There is a big difference between cellular coverage and AFFORDABLE cellular coverage. It’s much easier to obtain good coverage if you throw unlimited amounts of cash at the big carriers. They can often set you up with boosters if you’re willing to pay for it. These are typically devices known as Femtocells although other types of boosters exist. This might be a great option if your employer is willing to foot the bill.

For the rest of us, the key to making the most affordable cellular choice is to understand what cellular networks are available in our particular slice of the county, and what carriers utilize those networks.

Now it might seem to make sense to include a disclaimer here that cellular service is always changing and this information might not be reliable in the future. The reality though is that technological change is very slow around here, for a number of reasons. There is one BIG change that occurred a couple of years ago though:

A new cell tower was constructed across from the ball fields off Golden Gate Canyon Road in mid-county. The county offered a pretty sweet deal to the developer, with the idea that “if we build it, they will come.”  Expecting all the big carriers to immediately place antennas on the tower, the county commissioners were surprised when only one carrier obliged: T-Mobile. To this day many locals swear that T-Mobile has no service in the county, but if you live within a few miles north of the ball fields, T-Mobile actually has the best coverage. Those living south near Missouri Lakes might not  benefit much because Dory Hill partially blocks coverage.

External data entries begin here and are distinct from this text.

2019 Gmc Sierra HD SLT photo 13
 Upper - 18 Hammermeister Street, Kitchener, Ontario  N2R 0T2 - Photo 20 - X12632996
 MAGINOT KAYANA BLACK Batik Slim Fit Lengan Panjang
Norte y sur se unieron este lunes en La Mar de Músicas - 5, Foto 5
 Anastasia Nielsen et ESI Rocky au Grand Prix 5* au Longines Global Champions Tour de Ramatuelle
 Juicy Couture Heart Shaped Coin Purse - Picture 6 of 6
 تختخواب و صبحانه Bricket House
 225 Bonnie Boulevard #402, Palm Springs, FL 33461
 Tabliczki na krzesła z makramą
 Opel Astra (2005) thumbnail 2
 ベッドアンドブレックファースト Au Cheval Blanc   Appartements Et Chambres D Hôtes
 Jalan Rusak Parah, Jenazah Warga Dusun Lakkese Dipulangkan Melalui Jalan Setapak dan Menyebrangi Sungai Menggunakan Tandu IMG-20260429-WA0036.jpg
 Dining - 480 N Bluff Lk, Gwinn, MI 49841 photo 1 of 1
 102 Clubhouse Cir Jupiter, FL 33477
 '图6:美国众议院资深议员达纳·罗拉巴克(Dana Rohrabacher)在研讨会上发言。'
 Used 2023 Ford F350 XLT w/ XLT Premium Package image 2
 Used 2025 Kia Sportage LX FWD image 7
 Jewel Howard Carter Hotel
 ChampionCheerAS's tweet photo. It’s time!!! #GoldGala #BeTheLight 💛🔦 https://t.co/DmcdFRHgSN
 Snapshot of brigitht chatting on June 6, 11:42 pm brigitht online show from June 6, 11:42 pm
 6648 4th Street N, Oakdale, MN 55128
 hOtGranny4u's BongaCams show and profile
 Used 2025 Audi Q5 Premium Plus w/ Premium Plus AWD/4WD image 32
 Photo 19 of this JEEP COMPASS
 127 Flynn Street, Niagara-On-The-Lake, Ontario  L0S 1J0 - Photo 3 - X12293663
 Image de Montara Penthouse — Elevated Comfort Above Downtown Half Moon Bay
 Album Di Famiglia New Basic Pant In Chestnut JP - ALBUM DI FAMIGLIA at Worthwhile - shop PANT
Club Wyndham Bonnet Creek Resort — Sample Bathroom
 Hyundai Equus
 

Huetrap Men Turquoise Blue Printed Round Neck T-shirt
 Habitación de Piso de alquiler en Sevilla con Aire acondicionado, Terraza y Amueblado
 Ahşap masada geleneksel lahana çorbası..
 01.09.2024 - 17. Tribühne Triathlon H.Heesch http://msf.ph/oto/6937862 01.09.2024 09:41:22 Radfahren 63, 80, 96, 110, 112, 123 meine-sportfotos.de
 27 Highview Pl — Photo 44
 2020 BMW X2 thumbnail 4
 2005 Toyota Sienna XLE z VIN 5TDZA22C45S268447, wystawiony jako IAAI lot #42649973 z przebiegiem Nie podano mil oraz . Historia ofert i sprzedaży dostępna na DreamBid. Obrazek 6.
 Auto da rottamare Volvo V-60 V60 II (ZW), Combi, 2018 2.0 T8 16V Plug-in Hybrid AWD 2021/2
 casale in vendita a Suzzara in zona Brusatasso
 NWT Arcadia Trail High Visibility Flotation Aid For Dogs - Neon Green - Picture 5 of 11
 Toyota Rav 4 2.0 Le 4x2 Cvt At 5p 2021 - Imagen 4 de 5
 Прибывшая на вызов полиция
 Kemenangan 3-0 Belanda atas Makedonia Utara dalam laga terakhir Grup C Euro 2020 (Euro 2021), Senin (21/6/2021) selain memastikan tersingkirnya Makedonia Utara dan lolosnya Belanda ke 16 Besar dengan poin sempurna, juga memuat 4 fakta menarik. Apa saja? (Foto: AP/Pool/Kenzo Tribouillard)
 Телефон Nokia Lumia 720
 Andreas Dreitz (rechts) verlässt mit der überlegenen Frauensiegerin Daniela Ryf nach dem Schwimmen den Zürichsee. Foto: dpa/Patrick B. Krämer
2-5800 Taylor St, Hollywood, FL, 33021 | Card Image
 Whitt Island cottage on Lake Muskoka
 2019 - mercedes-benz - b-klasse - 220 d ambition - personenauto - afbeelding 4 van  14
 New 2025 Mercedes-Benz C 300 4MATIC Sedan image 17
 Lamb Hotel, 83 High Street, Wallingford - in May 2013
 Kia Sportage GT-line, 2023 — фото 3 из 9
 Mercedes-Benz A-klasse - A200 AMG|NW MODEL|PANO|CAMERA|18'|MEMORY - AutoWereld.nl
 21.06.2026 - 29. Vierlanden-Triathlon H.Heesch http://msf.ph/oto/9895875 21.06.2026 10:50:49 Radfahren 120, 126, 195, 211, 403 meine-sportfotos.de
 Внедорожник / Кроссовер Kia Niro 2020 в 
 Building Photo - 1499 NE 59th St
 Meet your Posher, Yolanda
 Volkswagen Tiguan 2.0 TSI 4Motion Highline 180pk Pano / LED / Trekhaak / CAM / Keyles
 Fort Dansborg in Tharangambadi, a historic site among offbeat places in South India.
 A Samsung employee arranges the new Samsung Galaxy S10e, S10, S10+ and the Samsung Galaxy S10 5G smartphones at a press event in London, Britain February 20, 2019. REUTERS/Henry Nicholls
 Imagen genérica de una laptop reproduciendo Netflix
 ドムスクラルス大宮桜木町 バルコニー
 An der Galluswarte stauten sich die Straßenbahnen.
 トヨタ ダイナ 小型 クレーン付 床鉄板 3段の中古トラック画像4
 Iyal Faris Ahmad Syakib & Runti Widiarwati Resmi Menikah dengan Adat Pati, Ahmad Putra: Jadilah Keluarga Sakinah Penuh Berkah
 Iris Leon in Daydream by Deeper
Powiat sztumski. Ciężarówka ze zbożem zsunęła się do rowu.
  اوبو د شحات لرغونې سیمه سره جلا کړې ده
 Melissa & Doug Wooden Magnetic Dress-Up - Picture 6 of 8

So with all that out of the way, here is the simple explanation of what networks cover which areas:

North county near Ned:
Verizon (the tower south of Ned that’s camouflaged like a tree)

Mid-county near Roy’s:
AT&T (the tower that you can see sticking up out of heavy forest on the west side of the Peak to Peak).

Mid-south-county near Golden Gate Canyon, including some parts of Apex Valley and Missouri Lakes:
T-Mobile (the tower that’s across from ball fields)

South county: Black Hawk and Central City up to Gilpin School and Missouri Lakes:
Sprint and Verizon (the tower up at the old Miner’s Mesa parking lot)

How to access these networks for the lowest cost

There is an almost endless supply of low-cost carriers out there. They operate by piggybacking onto the big networks. If you’ve ever watched afternoon TV may have heard of some of them, such as Consumer Cellular and Cricket. Those that advertise on TV usually have good service and support but are rarely the lowest price option due to their advertising budgets. The complete list of virtual carriers can be found here: Wikipedia list of MVNO’s

For those who live near the AT&T cell tower, you can switch to an AT&T MVNO such as Cricket, Straight Talk, or Airvoice. So for example, Airvoice is only $10 per month per phone.

If you live within the T-Mobile or Sprint areas, you do not have to pay their high rates, and in fact you can get a low cost carrier that piggybacks onto BOTH networks and chooses the strongest signal wherever you are! Google Fi is a low-cost cell service that combines both the T-Mobile AND Sprint networks, and I would recommend it for most people living in the southern part of the county. What’s nice about Google Fi is that it can use Wifi instead of the cell towers if you have Internet access at home. So if you have internet at home you’ll get perfect reception there. You don’t need a booster or any extra equipment, the phone itself does the switching. Service will cost in the range of $20-$30 per month per phone, including 1 gig of data monthly. More info on Google Fi: Google Fi Web Site

There is a similar service called Republic Wireless that also has wifi calling, but it won’t roam between T-Mobile or Sprint. Instead, your phone will be set up to use the T-Mobile network if you live closer to that tower, or it will be set up to use the Sprint network if you live closer to that tower. The T-Mobile network roams to AT&T and the Sprint network roams to Verizon, so Republic’s service up here is pretty excellent overall, no matter if your phone is on T-Mobile or Sprint.

Which cell carrier do I use? My wife uses Project Fi and I use Republic Wireless. Both seems to work very well around here and in the places we travel.